Bloss 28 Tage dauerte es, dann war die Romanze nach neun Partien für den SC Rapperswil-Jona schon wieder vorbei. Am 12. Dezember flog Gilmour nach Hause und nach der Weihnachtspause kehrte er nicht wie erhofft in die Schweiz zurück, denn die Besitzer der NHL-Teams und die Spielergewerkschaft konnten sich doch noch über einen Gesamtarbeitsvertrag einigen. Die Regular Season wurde auf 48 Partien gekürzt, alle Stars spielten wieder in Nordamerika.

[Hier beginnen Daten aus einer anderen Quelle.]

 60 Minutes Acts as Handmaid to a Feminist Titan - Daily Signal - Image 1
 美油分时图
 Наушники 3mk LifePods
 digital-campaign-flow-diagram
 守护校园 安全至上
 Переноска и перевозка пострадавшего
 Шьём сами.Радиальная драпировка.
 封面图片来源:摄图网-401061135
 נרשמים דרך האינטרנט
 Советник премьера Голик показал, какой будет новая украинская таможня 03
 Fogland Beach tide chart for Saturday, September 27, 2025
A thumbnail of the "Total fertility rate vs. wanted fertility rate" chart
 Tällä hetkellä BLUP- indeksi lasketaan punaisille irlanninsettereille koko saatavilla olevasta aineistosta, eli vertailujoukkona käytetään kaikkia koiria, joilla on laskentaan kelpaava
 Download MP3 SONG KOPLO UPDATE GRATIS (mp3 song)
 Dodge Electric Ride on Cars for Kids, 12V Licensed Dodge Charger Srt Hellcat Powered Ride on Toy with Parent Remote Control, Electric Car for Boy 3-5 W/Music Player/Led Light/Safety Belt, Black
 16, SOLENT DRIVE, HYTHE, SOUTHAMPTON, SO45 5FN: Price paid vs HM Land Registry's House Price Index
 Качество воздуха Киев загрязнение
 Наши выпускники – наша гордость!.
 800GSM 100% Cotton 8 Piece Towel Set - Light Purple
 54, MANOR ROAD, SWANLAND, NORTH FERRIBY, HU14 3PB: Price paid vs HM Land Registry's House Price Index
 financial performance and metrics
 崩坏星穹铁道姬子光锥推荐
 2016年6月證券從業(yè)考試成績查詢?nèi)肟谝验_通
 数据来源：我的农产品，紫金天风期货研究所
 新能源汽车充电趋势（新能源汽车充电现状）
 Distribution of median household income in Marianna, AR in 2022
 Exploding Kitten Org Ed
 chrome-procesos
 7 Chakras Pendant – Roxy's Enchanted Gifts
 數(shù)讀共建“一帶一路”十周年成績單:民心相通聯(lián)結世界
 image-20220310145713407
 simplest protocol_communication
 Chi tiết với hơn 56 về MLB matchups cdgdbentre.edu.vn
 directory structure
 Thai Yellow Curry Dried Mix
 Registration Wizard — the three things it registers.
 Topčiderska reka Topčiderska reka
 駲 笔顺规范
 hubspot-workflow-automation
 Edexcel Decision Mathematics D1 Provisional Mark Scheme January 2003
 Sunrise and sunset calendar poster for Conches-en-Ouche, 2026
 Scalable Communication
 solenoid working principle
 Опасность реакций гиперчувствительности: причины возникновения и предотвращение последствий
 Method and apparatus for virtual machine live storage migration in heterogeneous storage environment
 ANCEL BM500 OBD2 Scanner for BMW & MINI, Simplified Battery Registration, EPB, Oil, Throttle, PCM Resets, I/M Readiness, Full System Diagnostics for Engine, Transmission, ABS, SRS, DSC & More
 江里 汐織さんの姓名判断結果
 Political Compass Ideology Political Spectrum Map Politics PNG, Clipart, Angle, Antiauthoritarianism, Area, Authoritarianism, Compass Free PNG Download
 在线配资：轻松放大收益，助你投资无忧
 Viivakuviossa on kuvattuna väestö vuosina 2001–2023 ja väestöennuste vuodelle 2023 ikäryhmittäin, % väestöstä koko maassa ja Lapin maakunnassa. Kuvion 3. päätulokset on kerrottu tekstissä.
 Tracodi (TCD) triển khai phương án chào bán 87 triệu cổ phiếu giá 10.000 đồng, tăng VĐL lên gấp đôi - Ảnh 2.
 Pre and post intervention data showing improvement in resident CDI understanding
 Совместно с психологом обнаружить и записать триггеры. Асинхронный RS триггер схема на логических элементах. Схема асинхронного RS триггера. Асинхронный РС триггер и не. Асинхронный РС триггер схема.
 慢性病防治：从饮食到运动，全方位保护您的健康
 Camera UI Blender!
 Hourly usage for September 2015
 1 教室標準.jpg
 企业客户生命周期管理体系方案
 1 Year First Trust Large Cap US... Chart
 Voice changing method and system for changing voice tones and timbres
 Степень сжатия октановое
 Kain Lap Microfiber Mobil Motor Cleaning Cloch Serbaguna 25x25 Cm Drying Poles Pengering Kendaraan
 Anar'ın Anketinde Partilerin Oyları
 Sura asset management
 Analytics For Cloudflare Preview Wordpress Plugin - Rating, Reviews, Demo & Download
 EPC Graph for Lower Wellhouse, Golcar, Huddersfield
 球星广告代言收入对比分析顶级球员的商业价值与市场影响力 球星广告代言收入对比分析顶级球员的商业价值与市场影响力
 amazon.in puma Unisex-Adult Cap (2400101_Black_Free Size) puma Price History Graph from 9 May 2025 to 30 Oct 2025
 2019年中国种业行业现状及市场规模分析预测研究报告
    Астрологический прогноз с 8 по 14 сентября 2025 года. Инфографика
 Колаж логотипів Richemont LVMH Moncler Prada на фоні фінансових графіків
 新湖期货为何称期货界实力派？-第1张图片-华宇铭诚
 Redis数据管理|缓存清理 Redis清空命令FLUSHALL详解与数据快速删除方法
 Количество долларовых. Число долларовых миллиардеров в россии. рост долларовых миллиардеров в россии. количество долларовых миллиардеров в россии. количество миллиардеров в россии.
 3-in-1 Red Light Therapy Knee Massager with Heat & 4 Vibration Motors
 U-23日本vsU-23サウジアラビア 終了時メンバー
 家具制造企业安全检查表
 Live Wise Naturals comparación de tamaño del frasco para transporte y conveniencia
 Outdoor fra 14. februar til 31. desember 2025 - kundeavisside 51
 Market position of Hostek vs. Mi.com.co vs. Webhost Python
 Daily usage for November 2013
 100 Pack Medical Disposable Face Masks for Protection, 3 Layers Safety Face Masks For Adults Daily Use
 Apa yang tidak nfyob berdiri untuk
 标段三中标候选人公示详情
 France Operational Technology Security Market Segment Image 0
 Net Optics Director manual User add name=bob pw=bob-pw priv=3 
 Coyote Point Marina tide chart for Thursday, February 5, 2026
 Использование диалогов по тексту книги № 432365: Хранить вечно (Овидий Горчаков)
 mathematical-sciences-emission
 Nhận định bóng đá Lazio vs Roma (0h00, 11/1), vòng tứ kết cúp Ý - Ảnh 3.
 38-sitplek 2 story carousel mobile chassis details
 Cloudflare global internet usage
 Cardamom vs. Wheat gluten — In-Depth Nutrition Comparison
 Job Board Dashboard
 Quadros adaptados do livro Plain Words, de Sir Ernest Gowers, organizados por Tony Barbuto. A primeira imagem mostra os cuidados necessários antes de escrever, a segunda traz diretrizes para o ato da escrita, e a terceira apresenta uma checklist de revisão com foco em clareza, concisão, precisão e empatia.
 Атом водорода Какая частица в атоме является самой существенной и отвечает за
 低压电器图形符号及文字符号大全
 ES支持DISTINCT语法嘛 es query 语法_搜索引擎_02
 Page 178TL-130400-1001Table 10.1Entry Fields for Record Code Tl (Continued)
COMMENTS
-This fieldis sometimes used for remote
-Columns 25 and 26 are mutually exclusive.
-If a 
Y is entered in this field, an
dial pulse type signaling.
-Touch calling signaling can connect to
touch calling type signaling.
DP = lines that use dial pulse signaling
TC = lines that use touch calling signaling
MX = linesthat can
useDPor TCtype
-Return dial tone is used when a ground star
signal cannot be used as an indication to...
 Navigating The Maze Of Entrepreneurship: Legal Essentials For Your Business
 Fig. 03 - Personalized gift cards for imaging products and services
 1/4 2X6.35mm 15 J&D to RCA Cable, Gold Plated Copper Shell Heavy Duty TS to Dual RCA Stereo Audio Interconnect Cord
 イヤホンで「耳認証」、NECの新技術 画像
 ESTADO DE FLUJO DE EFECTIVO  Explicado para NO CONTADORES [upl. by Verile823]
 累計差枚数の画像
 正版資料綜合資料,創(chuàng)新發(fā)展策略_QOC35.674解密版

Ohne seinen Superstar brach Rapperswil-Jona wieder ein, verlor die letzten 13 Partien der Qualifikation alle und verpasste die Playoffs deutlich. Die Playouts gegen den EHC Biel begannen mit einer 0:7-Klatsche, «nach dem Spiel war es lange, sehr lange, sehr ruhig in der Garderobe», verriet Harry Rogenmoser. Letztlich gelang der der Ligaerhalt doch noch und der SCRJ blieb in der NLA.
Gilmour, der in der Schweiz zwei Tore erzielte und 13 Assists gab, schied mit den Toronto Maple Leafs in der ersten Playoff-Runde aus. Den Stanley Cup gewannen erstmals in ihrer Geschichte die New Jersey Devils.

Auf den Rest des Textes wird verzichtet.